Using "Hyundai" as the search string, find the matching lines below and copy them.

(Saved entries)
-- Opening Marker --

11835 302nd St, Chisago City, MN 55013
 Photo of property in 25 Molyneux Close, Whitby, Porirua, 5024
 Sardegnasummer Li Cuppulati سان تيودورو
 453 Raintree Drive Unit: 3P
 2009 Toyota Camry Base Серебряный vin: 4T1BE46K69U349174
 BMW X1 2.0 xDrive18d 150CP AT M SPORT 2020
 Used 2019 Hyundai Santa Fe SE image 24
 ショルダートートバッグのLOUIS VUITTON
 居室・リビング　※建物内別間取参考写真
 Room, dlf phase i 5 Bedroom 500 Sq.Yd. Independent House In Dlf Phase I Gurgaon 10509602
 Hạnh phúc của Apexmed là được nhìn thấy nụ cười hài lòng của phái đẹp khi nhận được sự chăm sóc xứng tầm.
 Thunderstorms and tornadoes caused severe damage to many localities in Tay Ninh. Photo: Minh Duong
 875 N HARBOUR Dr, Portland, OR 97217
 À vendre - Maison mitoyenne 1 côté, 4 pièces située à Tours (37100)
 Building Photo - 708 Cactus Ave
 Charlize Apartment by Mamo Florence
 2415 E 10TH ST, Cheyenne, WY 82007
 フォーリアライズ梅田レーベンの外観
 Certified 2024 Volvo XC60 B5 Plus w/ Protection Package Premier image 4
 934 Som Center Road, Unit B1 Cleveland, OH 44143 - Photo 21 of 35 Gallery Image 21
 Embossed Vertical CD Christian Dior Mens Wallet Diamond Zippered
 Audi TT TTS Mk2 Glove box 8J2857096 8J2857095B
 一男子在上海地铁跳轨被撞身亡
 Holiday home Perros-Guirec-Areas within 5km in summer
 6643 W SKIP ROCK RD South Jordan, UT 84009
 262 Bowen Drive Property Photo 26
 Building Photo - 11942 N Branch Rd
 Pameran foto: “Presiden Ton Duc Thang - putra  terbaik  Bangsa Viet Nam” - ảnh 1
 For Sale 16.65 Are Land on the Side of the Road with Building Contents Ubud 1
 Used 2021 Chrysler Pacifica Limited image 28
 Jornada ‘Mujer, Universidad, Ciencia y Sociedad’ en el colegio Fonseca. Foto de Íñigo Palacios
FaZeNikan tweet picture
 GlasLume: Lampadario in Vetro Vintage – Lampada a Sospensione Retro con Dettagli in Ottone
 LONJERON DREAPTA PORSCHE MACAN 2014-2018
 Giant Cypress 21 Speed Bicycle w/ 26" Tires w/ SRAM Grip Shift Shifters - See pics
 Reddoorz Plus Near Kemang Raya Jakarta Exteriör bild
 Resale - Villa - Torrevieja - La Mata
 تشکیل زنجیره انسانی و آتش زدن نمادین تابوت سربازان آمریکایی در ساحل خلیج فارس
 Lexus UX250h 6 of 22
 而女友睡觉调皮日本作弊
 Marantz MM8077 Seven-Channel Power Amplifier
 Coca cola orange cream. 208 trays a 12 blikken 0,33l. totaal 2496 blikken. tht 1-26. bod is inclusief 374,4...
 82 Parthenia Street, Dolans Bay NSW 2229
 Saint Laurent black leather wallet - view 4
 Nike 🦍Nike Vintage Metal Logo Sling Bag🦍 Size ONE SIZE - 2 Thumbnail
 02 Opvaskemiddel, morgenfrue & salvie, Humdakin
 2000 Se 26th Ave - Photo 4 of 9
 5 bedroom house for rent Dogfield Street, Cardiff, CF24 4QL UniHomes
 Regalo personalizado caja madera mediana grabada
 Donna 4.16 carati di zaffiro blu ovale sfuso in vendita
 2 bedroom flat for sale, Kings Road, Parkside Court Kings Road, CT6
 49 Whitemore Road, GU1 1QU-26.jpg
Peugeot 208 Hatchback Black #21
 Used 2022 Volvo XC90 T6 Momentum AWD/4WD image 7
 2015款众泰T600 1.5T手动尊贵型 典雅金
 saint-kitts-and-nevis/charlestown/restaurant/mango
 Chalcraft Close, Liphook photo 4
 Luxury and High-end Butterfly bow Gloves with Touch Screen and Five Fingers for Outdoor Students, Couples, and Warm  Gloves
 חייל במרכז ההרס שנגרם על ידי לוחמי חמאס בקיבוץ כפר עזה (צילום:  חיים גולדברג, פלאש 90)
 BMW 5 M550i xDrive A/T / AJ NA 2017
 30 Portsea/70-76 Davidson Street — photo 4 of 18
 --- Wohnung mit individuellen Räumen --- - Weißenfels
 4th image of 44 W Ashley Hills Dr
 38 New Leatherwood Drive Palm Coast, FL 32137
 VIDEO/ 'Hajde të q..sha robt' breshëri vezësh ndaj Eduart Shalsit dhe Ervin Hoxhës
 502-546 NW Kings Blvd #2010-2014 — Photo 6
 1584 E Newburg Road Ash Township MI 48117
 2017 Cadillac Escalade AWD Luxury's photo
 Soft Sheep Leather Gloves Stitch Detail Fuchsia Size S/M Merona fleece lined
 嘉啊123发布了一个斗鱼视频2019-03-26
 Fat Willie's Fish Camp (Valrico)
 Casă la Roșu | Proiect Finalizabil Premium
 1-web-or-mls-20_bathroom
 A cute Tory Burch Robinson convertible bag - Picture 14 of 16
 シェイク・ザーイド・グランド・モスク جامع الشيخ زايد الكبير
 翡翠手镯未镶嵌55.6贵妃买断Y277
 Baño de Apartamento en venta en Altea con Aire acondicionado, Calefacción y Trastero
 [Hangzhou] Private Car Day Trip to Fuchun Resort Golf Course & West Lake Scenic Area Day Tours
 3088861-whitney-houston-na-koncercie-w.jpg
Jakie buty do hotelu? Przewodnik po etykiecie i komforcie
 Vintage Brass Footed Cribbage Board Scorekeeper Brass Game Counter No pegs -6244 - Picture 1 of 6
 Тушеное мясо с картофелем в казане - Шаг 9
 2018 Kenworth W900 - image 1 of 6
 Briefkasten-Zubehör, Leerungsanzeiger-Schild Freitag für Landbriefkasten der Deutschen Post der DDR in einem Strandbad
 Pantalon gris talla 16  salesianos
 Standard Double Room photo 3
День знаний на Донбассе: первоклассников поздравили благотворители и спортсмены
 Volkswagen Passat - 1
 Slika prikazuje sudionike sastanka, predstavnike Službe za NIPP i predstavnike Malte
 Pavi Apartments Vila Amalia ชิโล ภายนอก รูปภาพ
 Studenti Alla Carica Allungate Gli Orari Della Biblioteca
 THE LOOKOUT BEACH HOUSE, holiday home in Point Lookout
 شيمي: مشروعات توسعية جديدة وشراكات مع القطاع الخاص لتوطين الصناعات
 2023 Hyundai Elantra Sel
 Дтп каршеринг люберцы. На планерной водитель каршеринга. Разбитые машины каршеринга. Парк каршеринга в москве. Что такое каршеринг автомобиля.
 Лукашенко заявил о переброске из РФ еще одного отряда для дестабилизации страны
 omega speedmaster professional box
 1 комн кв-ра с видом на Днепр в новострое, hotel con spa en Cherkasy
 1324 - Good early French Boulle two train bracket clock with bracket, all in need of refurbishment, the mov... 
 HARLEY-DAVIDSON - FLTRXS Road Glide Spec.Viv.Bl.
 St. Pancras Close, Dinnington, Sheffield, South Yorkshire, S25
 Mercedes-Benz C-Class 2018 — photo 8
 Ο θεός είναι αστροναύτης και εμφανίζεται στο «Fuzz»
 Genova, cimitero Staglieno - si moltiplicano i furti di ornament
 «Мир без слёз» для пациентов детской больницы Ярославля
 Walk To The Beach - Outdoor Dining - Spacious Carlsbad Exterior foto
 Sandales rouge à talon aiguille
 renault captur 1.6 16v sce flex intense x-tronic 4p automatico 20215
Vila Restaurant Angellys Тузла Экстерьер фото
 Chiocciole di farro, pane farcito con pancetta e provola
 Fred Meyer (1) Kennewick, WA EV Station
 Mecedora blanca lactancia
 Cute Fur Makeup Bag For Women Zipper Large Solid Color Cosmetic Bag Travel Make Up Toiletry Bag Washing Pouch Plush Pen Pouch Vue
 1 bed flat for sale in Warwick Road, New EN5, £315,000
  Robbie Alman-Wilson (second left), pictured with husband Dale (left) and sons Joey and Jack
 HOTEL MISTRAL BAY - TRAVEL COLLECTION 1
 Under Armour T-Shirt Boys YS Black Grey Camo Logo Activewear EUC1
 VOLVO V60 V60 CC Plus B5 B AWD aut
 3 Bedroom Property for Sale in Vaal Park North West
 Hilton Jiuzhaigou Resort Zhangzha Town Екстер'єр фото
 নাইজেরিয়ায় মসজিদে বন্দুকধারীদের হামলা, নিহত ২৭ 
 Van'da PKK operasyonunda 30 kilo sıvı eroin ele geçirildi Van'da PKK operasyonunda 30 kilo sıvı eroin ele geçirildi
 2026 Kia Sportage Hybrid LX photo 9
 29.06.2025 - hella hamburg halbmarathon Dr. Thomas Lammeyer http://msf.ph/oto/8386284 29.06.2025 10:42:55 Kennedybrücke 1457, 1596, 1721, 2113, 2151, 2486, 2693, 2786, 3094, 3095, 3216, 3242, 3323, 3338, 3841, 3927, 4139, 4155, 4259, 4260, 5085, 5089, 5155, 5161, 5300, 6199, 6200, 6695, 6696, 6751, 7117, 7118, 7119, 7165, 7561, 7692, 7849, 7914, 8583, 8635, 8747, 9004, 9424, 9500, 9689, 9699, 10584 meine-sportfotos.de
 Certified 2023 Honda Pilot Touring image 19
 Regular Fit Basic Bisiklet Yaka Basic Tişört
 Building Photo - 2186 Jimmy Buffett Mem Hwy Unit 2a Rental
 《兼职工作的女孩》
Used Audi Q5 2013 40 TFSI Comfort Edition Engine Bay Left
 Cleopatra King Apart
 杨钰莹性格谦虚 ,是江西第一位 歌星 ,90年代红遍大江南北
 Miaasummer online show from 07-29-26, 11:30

-- Closing Marker --

◆ RESPONSE TO THIS EXERCISE
 Used 2019 Hyundai Santa Fe SE image 24
 2023 Hyundai Elantra Sel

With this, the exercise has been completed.